One of the earliest cotton bolls, roughly 6-weeks into its growth period.

The cotton plant is constantly adding squares (a flower bud enclosed by three bracts) to the plant and then aborting squares or young bolls to balance out the demand of the growing boll load. Boll retention gradually declines during the bloom period as the plant reaches its capacity for supplying bolls with the carbohydrates necessary to produce cotton fiber. The largest bolls on these plants, which formed in mid-July, are now roughly the size of a golf ball.

Immature cotton fibers within a green boll.

Immature cotton fibers within a green boll.

As a boll begins to grow, moist fibers push out from the newly formed seeds to fill the chambers of the pod.

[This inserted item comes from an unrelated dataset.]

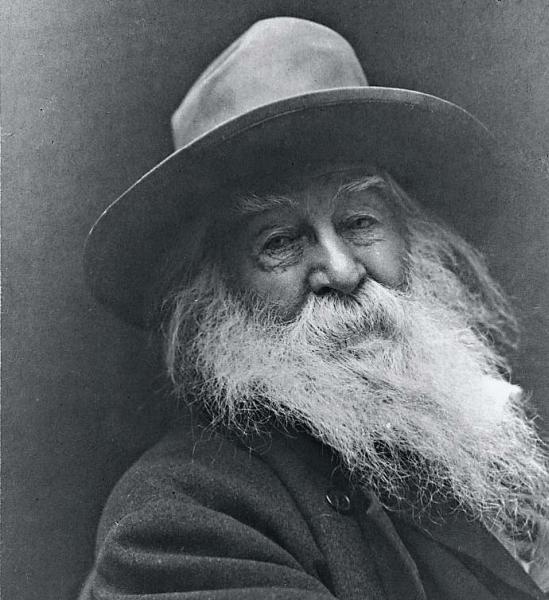 Иллюстрация к книге — Краткая история США [_19.jpg]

In time, as the boll ripens, it will begin to turn brown and crack open. Freed from the pod, the fibers expand in the warm autumn sunshine. I hope to show you the end result on my next visit, which is planned for October.

Turkeys on the go!

Turkeys on the go!

The soybeans which typically grow in these fields are sorely missed by the whitetail deer and the turkeys, which have no shame in eating their fill. Though the deer stayed out of sight, a flock of wild turkeys, comprising at least a dozen hens and two toms, risked exposure to forage in the tall grass around the farm.

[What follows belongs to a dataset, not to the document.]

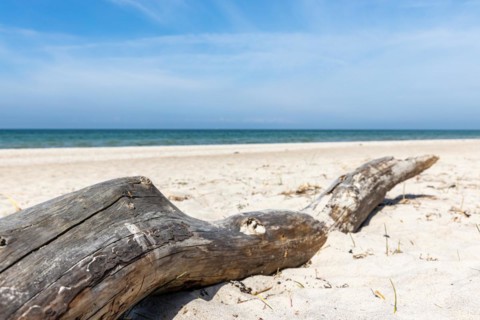 Baltic Sea beach West beach Darßer Ort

16 thoughts on “Land of Cotton, Part II

  1. johnvic8

    Very interesting and informative. I remember driving with my Grandmother through that part of Virginia during WW2 and seeing cotton growing in the fields around Suffolk for the first time. It is a lasting memory.

    Reply
    1. Marian St.Clair Post author

      John–When I was growing up in the 60s and 70s, cotton had taken a back seat to peanuts, but demand has grown and now many farmers in the area are planting it again. Until now, I’ve never looked at the plant closely.

      Reply
  2. Brenda Hendricks

    Thanks Marian. It was very informative. I have stopped in Sulfok to pick one or two cotton bolls at maturity. Cotton was grown on my great-grandparents land when I was a child. I had never seen it up close. I put the pieces in my trunk and when I got home I realized the part about it sticking me and hurting a lot. I changed my mind about wanting it and threw it away. How oh how did the slaves pick cotton? Eli Whitney was a genius. Thanks for the article.

    Reply
  3. Martha Robinson

    I picked cotton one day on a cousin’s farm as a young girl. I picked till my nose bleed (very hot and very hard back in the day when they picked by hand) made me go to the house. What a hard life it was back then! Yeah for modern technology.

    Reply
  4. pbmgarden

    This is really interesting Marian. I grew up with cotton fields all around but no direct involvement, so never realized how this process works. Looking forward to your next installment.

    Reply
  5. Pauline

    Fascinating post, it is so interesting to see how the cotton starts off. Where we used to live in the NW of England, in so many towns around the area were the cotton mills which used to import the cotton into Liverpool, then to the mills to be made into cloth. I will look forward to the next instalment.

    Reply
  6. Marian St.Clair Post author

    Pauline–It’s been fun to learn about a plant I’ve been around all my life, but knew little about. The production of textiles was once the largest industry in this region, now the majority of the work has been exported to countries with cheaper labor costs.